Se è vero che niente nei sogni è casuale, rimangono piccoli indizi non spiegati: perché nel sogno Martha insiste tanto sul cognome Freud? Perché nel sogno c’è un giardiniere fasciato sugli occhi? E ancora: perché Martha conclude “questo libro è preferibile ai fiori”?

C’è una parte dei nostri sogni che resiste con ogni forza all’interpretazione. Per assegnarle un senso occorre andare oltre, superare i limiti, mettersi alla prova con lo specchio di se stessi. Soltanto dopo molto tempo, infatti, sono giunto a formulare un’ipotesi: nei sogni si crea uno spostamento di ruoli. Pur di non essere svelato nel profondo, il sogno traveste gli elementi più importanti in secondari, e viceversa.

Annoto dunque che volentieri il punto cruciale di un sogno non sta nel suo protagonista ma in ciò che resta sullo sfondo, passando a prima vista inosservato.

Mio padre, morto dieci anni prima del sogno, amava alla follia occuparsi dei fiori. Pochi anni prima, affetto da glaucoma, aveva subito un intervento agli occhi per cui era rimasto a lungo fasciato.

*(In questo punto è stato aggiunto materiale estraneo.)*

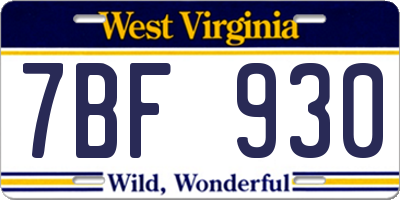 WV license plate 7BF930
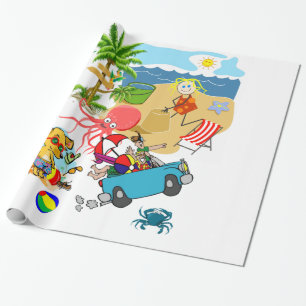 Glanzend Inpakpapier, Strandpret Octopus Cadeaupapier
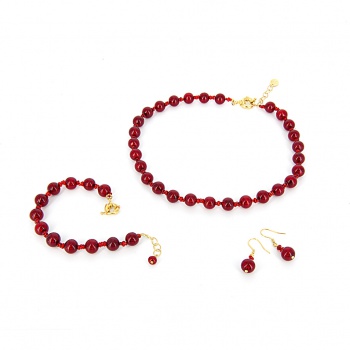 Šperky Murano Millefiori - Set EVA - červený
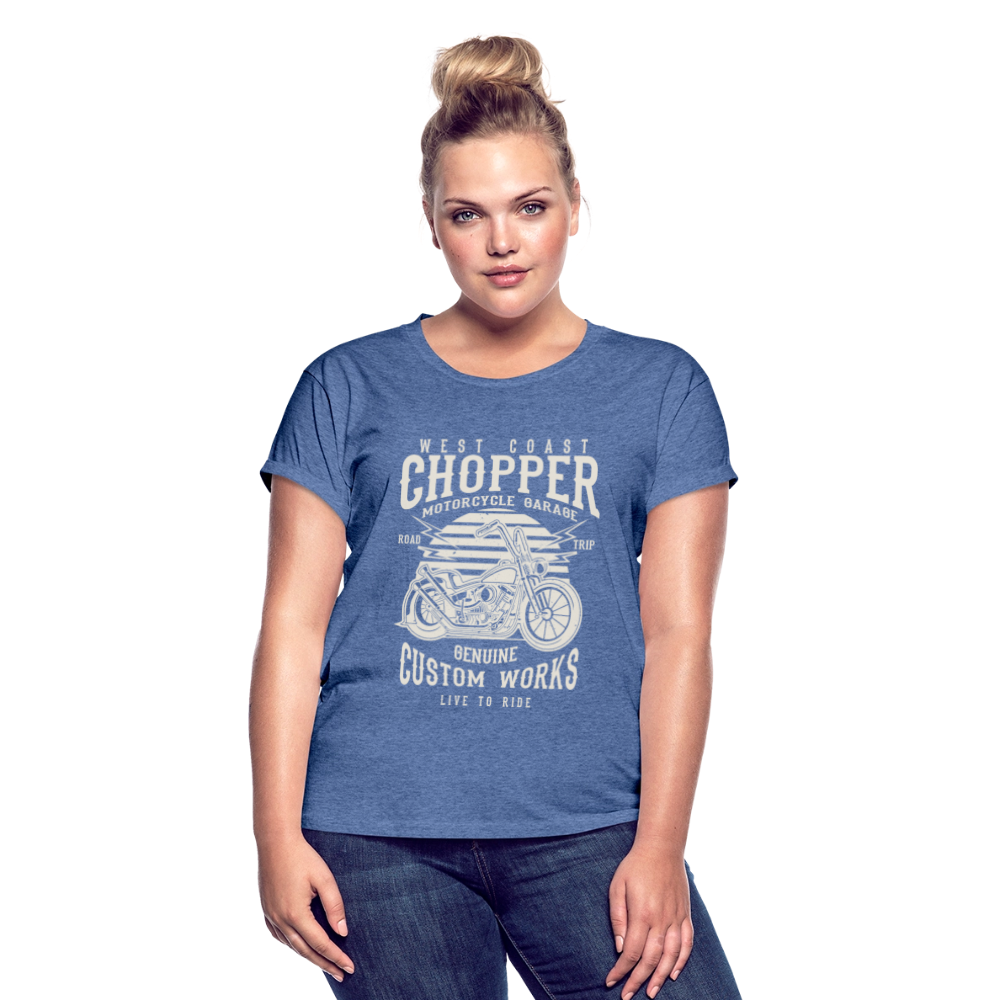 Vrouwen oversize T-shirt - denim gemêleerd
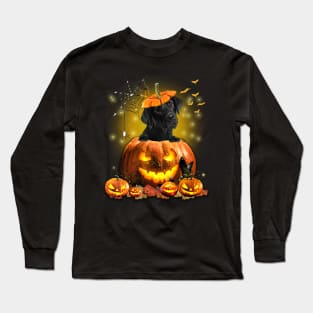 Black Labrador Spooky Halloween Pumpkin Dog Head Long Sleeve T-Shirt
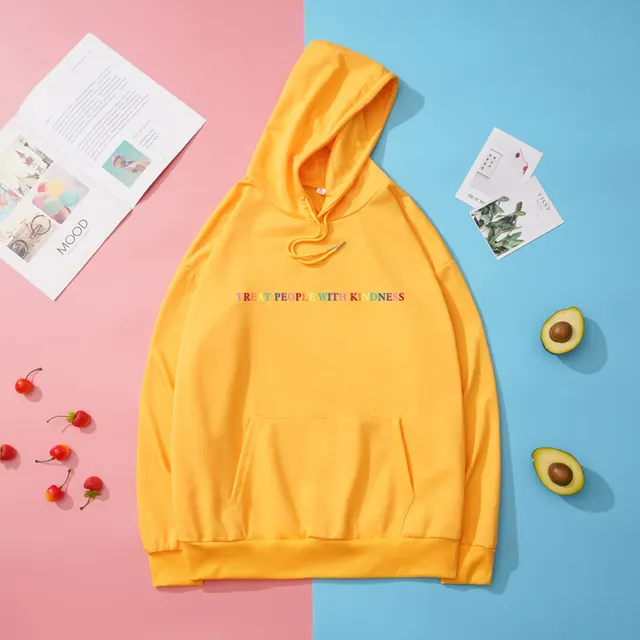 Treat People With Kindness Loose Thin Hoodie Yellow - Shop at LoveMi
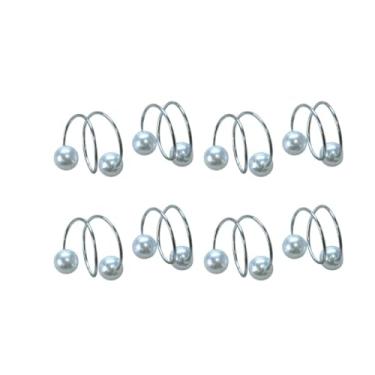 Imagem de Kit de 8 Anéis para Guardanapos, de Pérolas, Argola com Duas Voltas Dourada ou Prata, 4,5 x 4,5cm (8 Pçs Anel Duas Voltas/Prata)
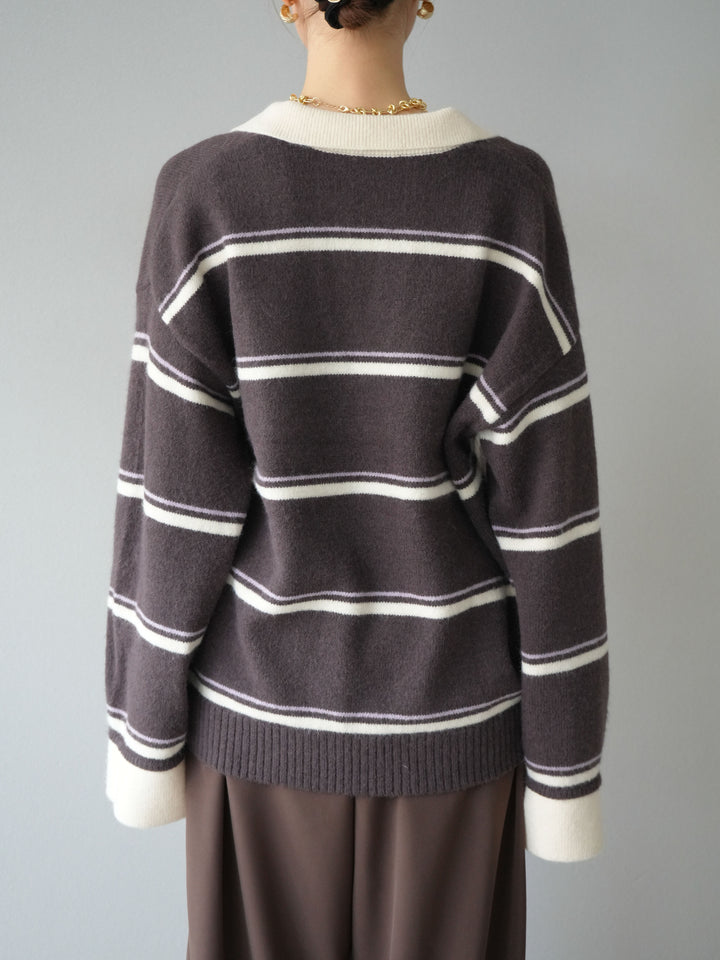 [予約]ポロ襟スキッパーボーダーニットプルオーバー/ブラウン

Durante la mia giovinezza, arrivai a odiarlo con tutto me stesso. E dalla mia memoria è emerso un ricordo, che non posso non riportare:

IO

Le ho chiesto di non gridare, signor padre.

IL PADRE

È chiaro che tu nella vita non combinerai niente di niente: sei distratto, sei svogliato. La tomba di tua madre non avrebbe sopra un fiore, se non glieli portassi io.

IO

I fiori appassiscono, signor padre: domani saranno già morti.

IL PADRE

Io ti ho dato un cognome rispettato, maledizione, ti chiami Freud. Il mio cognome dovrai farlo valere, se sei il figlio che voglio.

Mia moglie Martha e le altre quattro donne servivano al sogno per spostare l’attenzione dal centro del discorso. Il vero baricentro della costruzione onirica era del tutto un altro:

IO

Quindi sei fiera adesso di me?

MARTHA

Eccome: questo libro è preferibile ai fiori.

Oggi, in data 21 gennaio 1898, annoto che le lastre del signor Francis Galton sono un architrave del sogno di ognuno di noi. In un volto ci sono più volti. In un viso ci sono più visi. Solo la realtà è univoca: il sogno è multiplo.